◆ Records shown
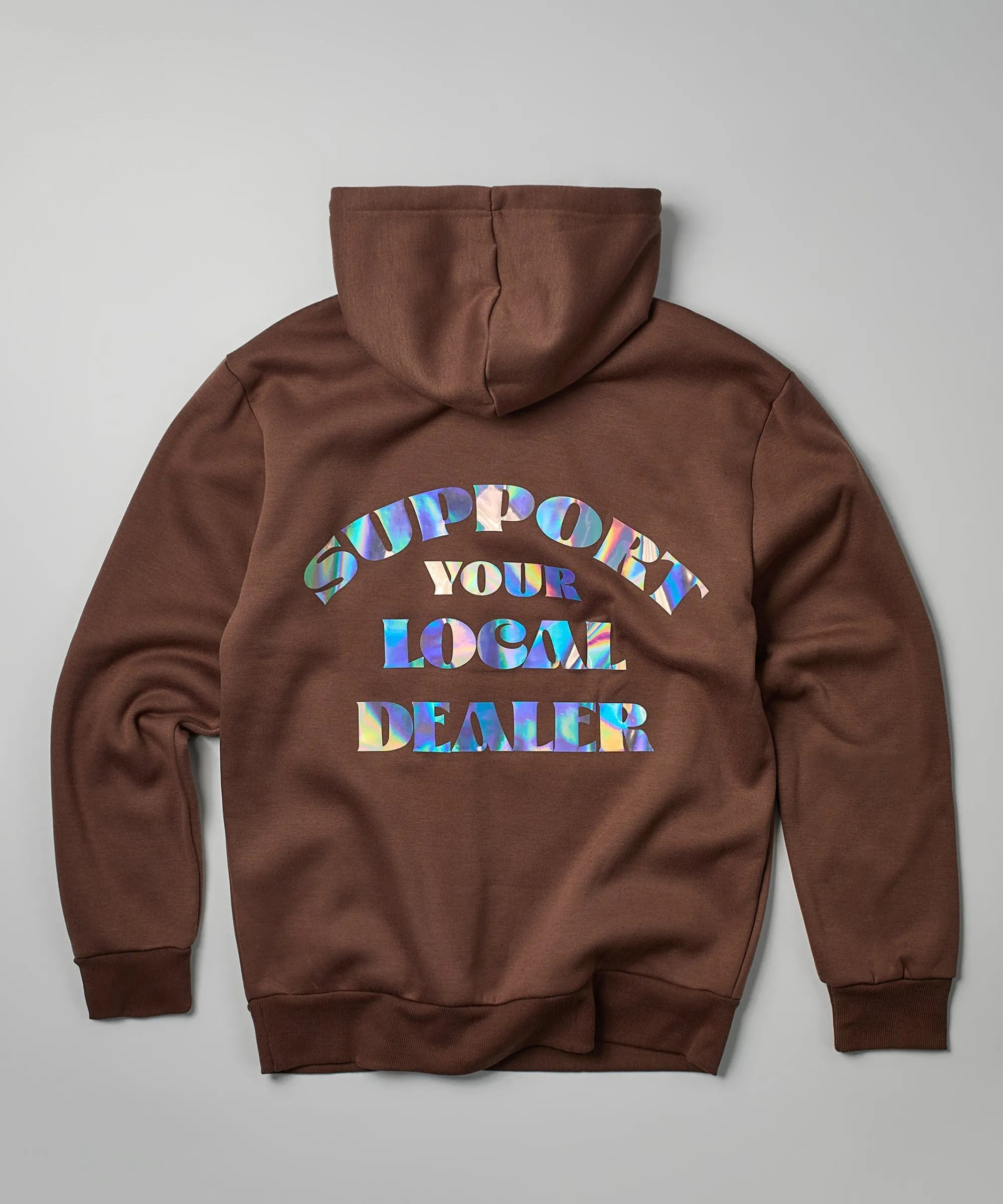 support_local_iridescent_foil_print_hoodie__brown_4.webp Discount Support Local Iridescent Foil Print Hoodie - Brown Hoodies | Hoodies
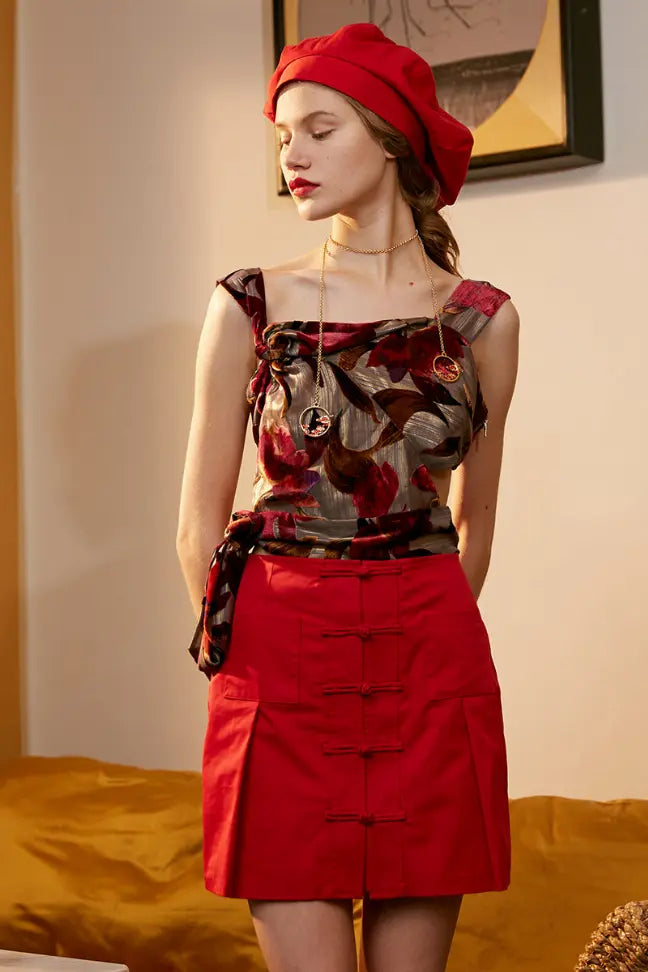 Rimless | Silk Napped Asymmetric Top Fangyan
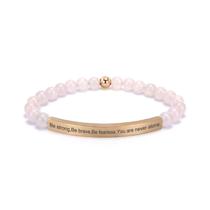 Pulseira cusurlove Inspirational Rose Quartz Banhada a Ouro 18K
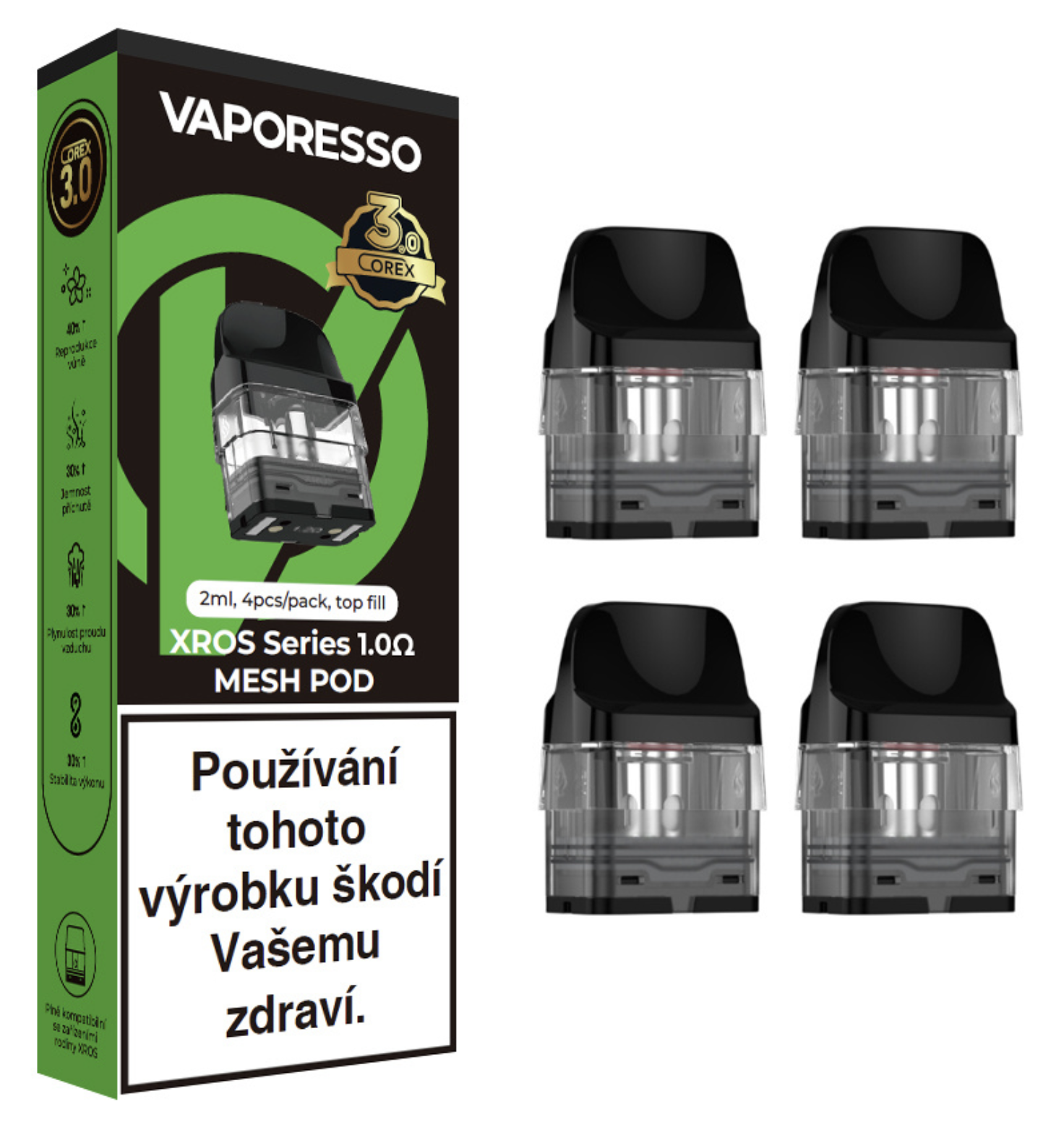 Vaporesso XROS Series Top Fill 2ml cartridge 4ks Odpor: 1,0 Ohm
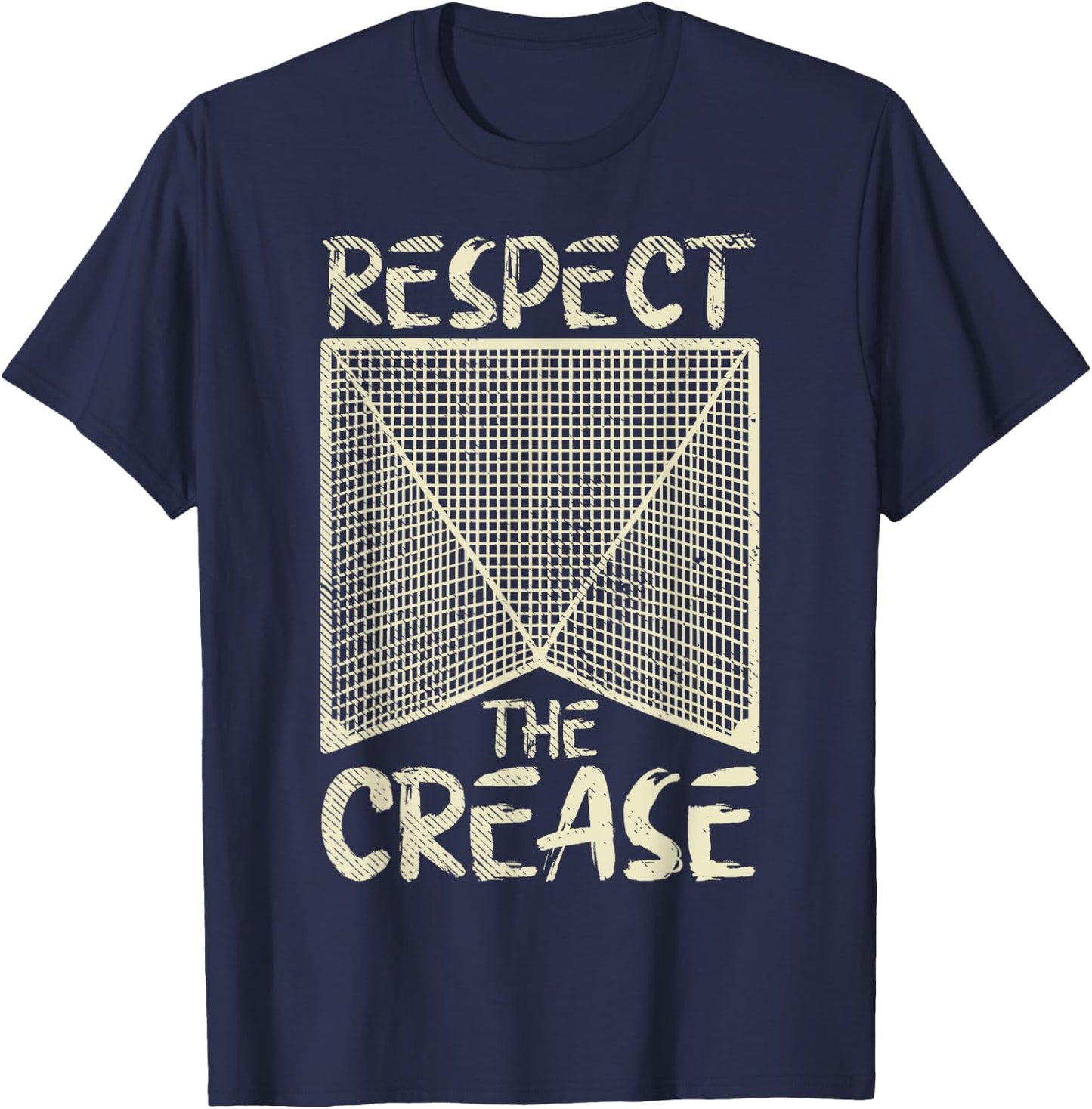 Respect The Crease Lacrosse Lax Goalie Player Gift T-Shirt - T-Shirt | Navy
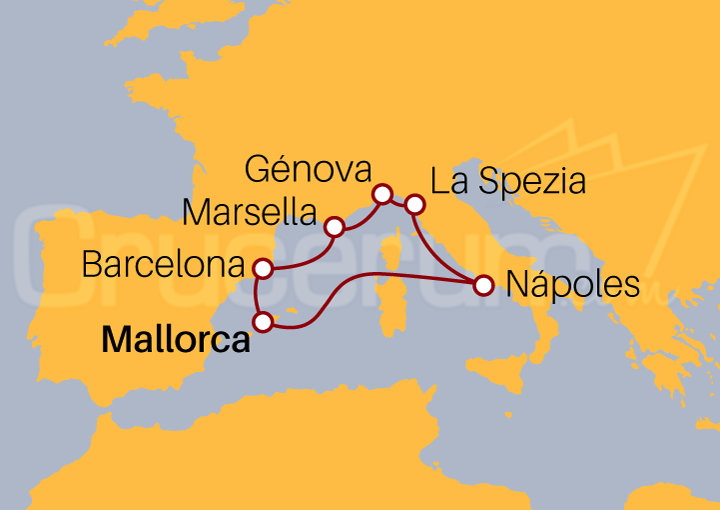 Itinerario Crucero Mediterráneo desde Mallorca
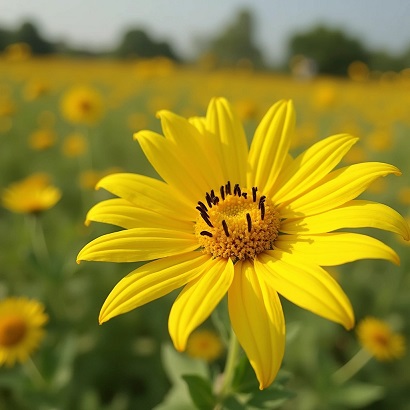 Bright yellow flower in a field
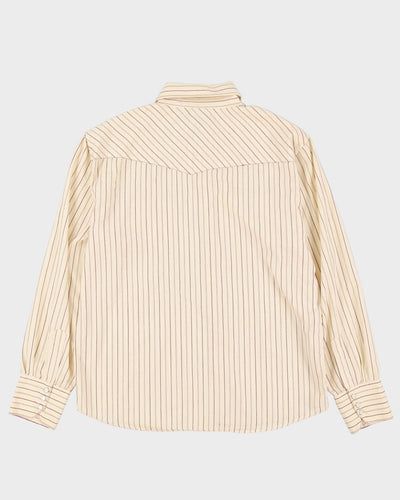 90s PX Cream / Brown Stripe Patterned Western Style Shirt - L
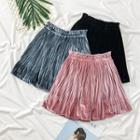 Pleated Velvet A-line Skirt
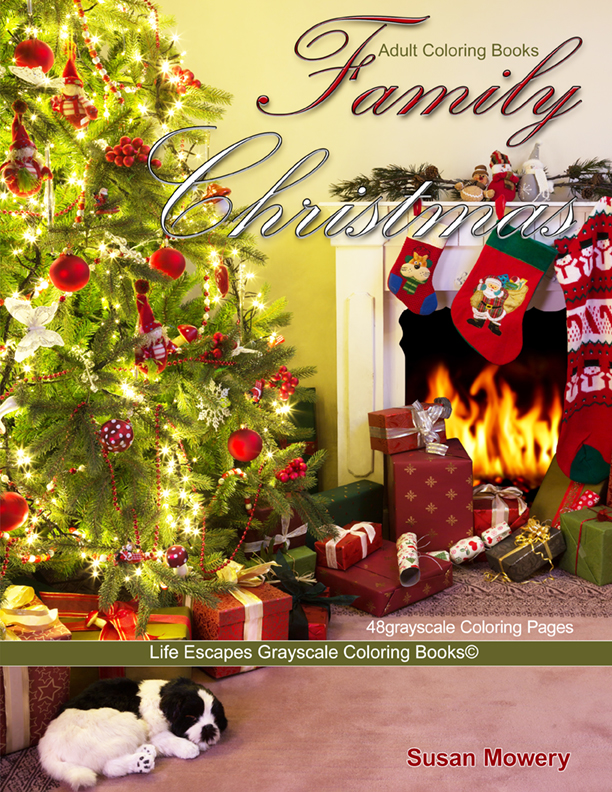 Family Christmas grayscale coloring book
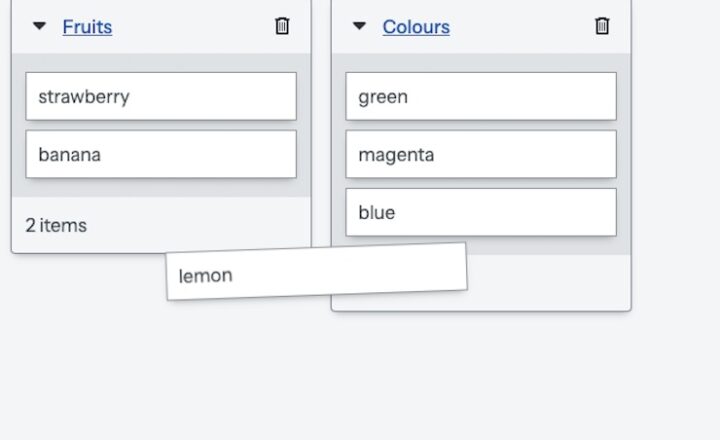 a card sort with two categories: Fruits included strawberry and banana. Colours includes green, magenta and blue. A card, 'lemon', hovers between both.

◆ Task to complete
Pictures in the data above should not be copied; transcribe everything else exactly.

◆ Reply
 support_local_iridescent_foil_print_hoodie__brown_4.webp Discount Support Local Iridescent Foil Print Hoodie - Brown Hoodies | Hoodies
 Rimless | Silk Napped Asymmetric Top Fangyan
 Pulseira cusurlove Inspirational Rose Quartz Banhada a Ouro 18K
 Vaporesso XROS Series Top Fill 2ml cartridge 4ks Odpor: 1,0 Ohm
 Respect The Crease Lacrosse Lax Goalie Player Gift T-Shirt - T-Shirt | Navy
 Itinerario Crucero Mediterráneo desde Mallorca
 Bright yellow flower in a field
 90s PX Cream / Brown Stripe Patterned Western Style Shirt - L
 Pleated Velvet A-line Skirt
 Family Christmas grayscale coloring book
 a card sort with two categories: Fruits included strawberry and banana. Colours includes green, magenta and blue. A card, 'lemon', hovers between both.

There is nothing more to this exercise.